== DATA UNDER STUDY ==
^^^^
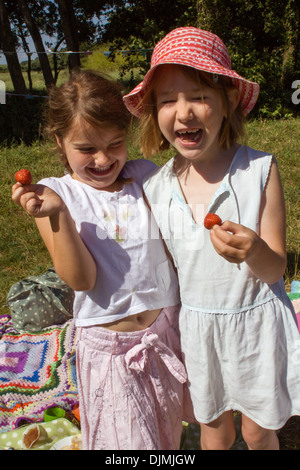 Zwei junge Mädchen Lachen und Spaß, auf ein Picknick in der Sonne, Erdbeeren halten und Spaß in Somerset, Großbritannien. Stockfoto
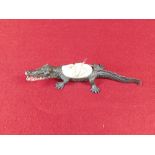 Bronze signed alligator pin cushion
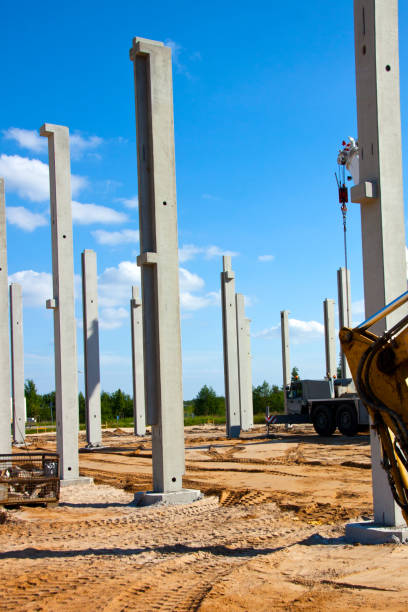 istock Construction site with blue sky piers and concrete mixer 1178330837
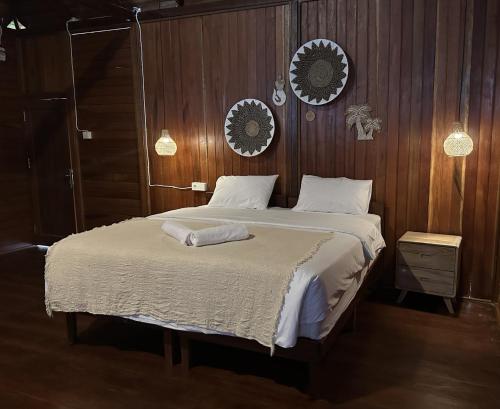 TapokrengVogelkopf Resort的一间卧室配有一张带木墙的大床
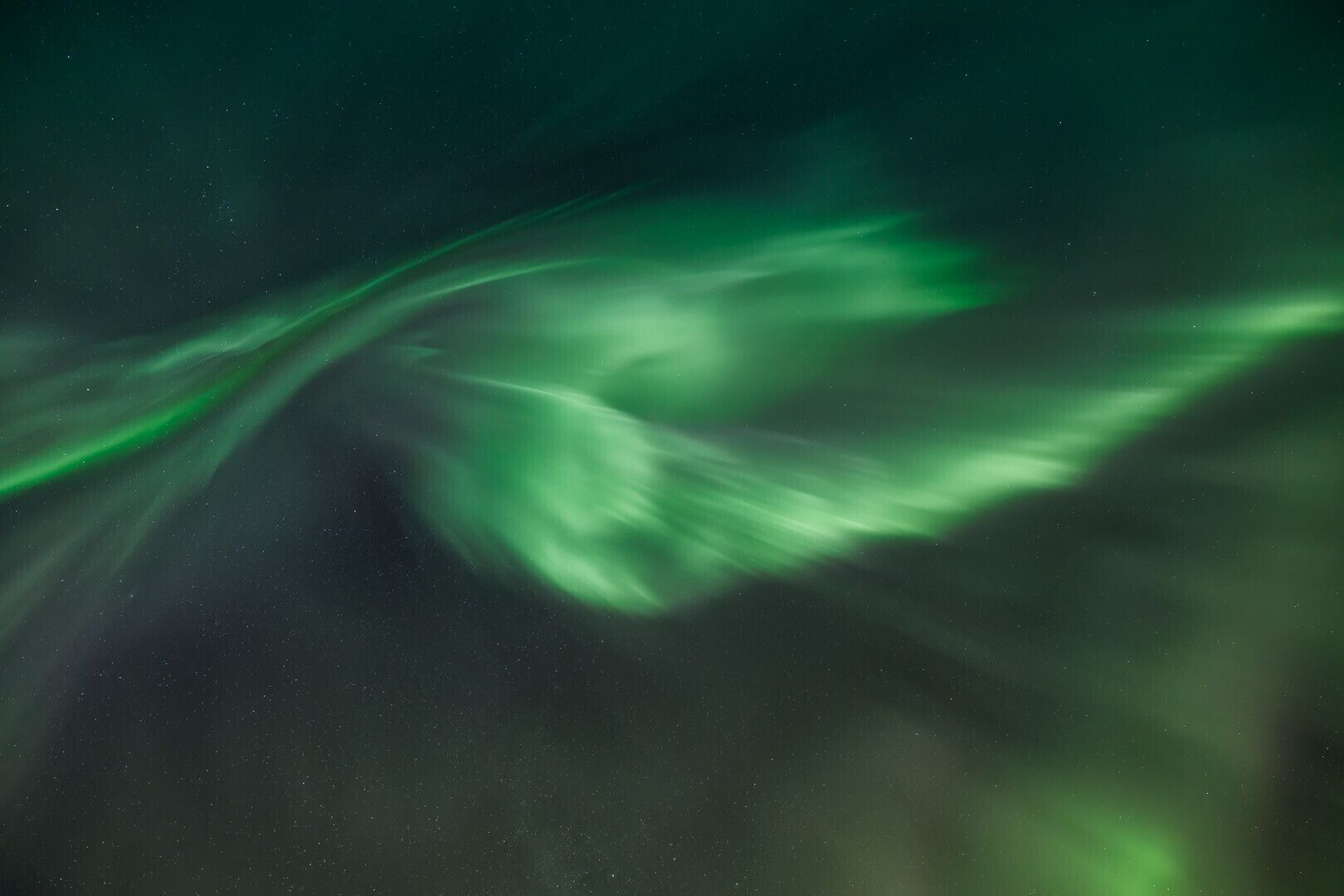 Een sterrenhemel met een groen poollicht.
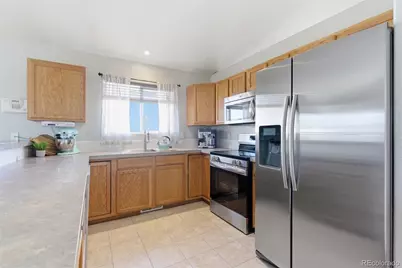 1303 S Harvester Drive, Milliken, CO 80543 - Photo 14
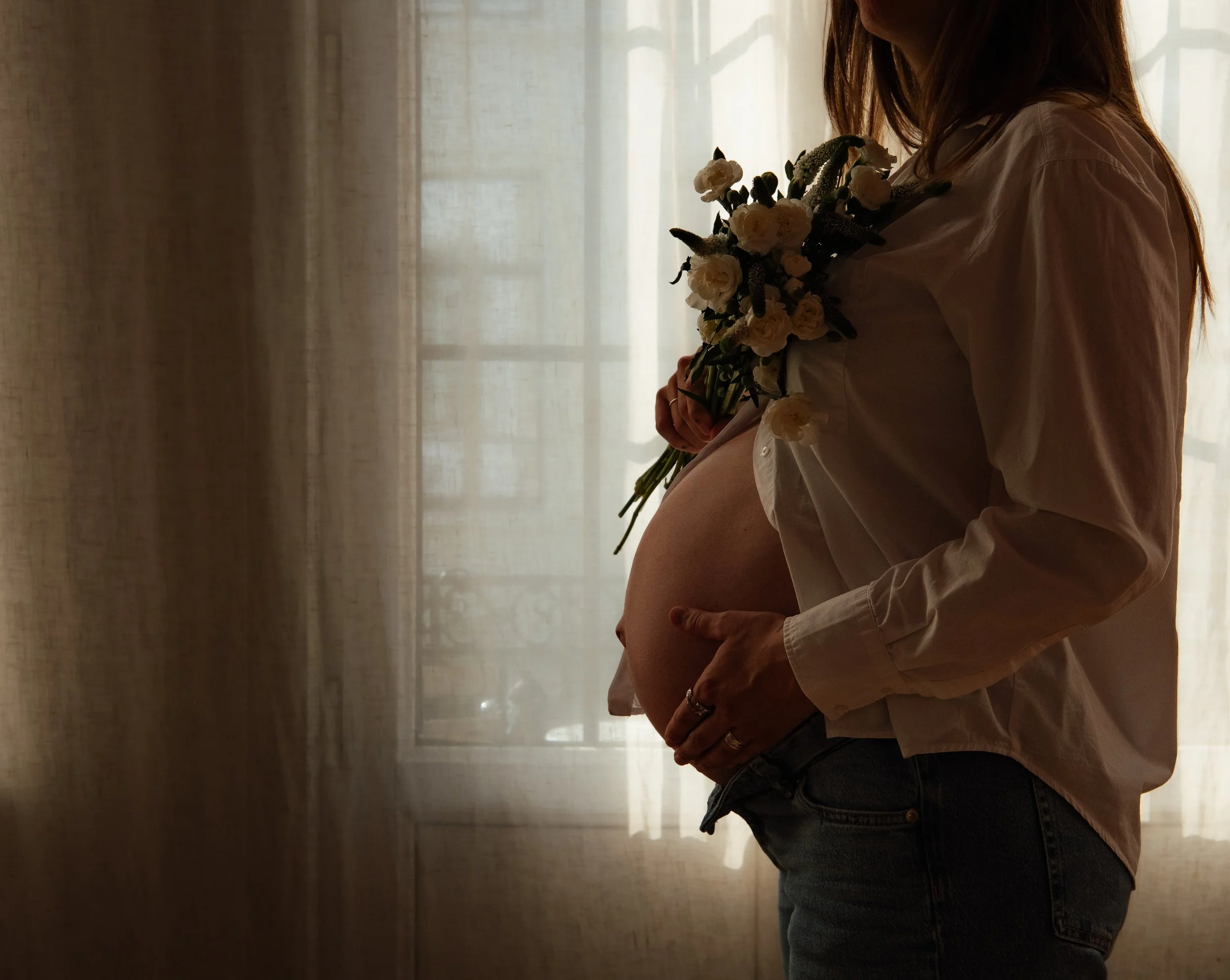 A woman holding a bouquet of flowers, standing by a window with sheer curtains, backlit creating a silhouette effect.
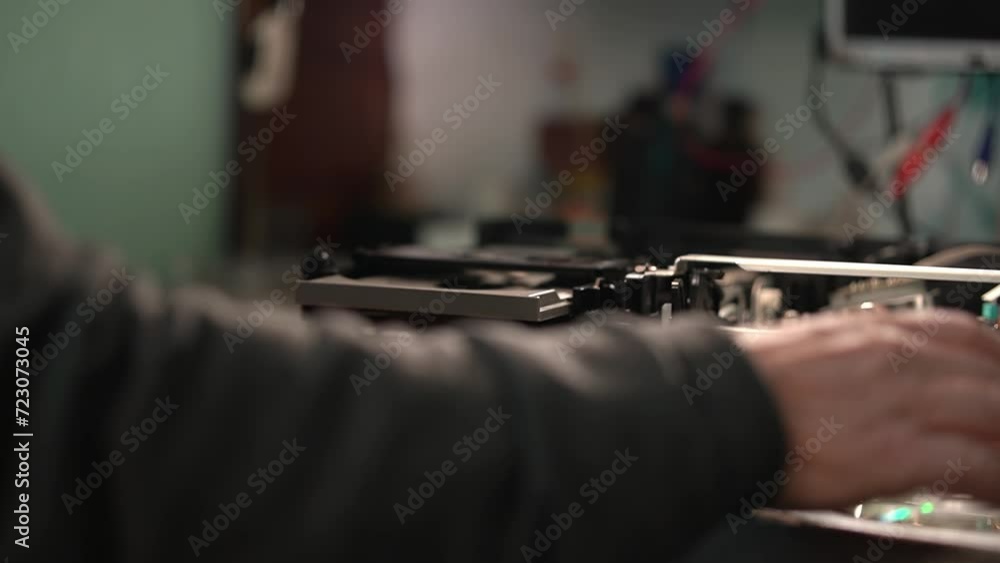 electronics repair. repair of consumer electronics. insert a CD into the player. High quality video in 4k electronics repair. repair of consumer electronics. insert a CD into the player. High quality video in 4k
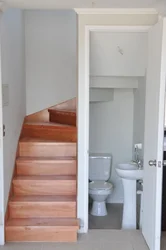 Bathroom Design In A House Under The Stairs
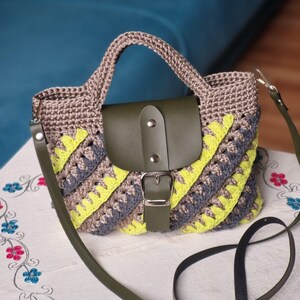 May include: A crochet handbag with a flap closure. The bag is made with grey, yellow, and brown crochet. It has a green leather flap and strap, and a silver buckle. The bag has a top handle and a long shoulder strap.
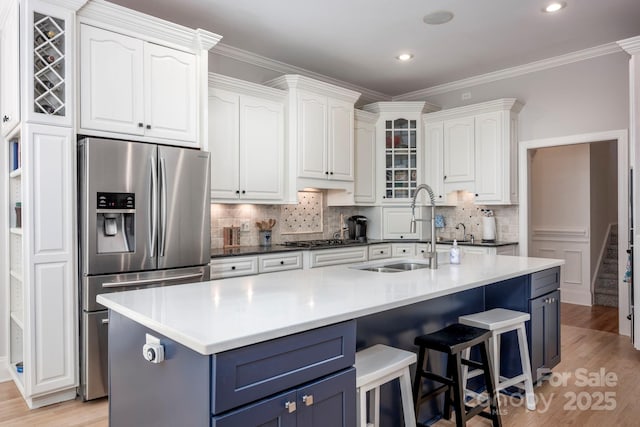 kitchen featuring stainless steel refrigerator with ice dispenser, white cabinetry, blue cabinetry, and a sink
^^^^
== WHAT YOU ARE ASKED TO DO ==
Copy out all the entries exactly. Images stay out of the copy.

== ANSWER FOR THE TASK ==
 Zwei junge Mädchen Lachen und Spaß, auf ein Picknick in der Sonne, Erdbeeren halten und Spaß in Somerset, Großbritannien. Stockfoto
 Bronze signed alligator pin cushion
 istock Construction site with blue sky piers and concrete mixer 1178330837
 TapokrengVogelkopf Resort的一间卧室配有一张带木墙的大床
 Een sterrenhemel met een groen poollicht.
 1303 S Harvester Drive, Milliken, CO 80543 - Photo 14
 A woman holding a bouquet of flowers, standing by a window with sheer curtains, backlit creating a silhouette effect.
 electronics repair. repair of consumer electronics. insert a CD into the player. High quality video in 4k electronics repair. repair of consumer electronics. insert a CD into the player. High quality video in 4k
 Bathroom Design In A House Under The Stairs
 May include: A crochet handbag with a flap closure. The bag is made with grey, yellow, and brown crochet. It has a green leather flap and strap, and a silver buckle. The bag has a top handle and a long shoulder strap.
 kitchen featuring stainless steel refrigerator with ice dispenser, white cabinetry, blue cabinetry, and a sink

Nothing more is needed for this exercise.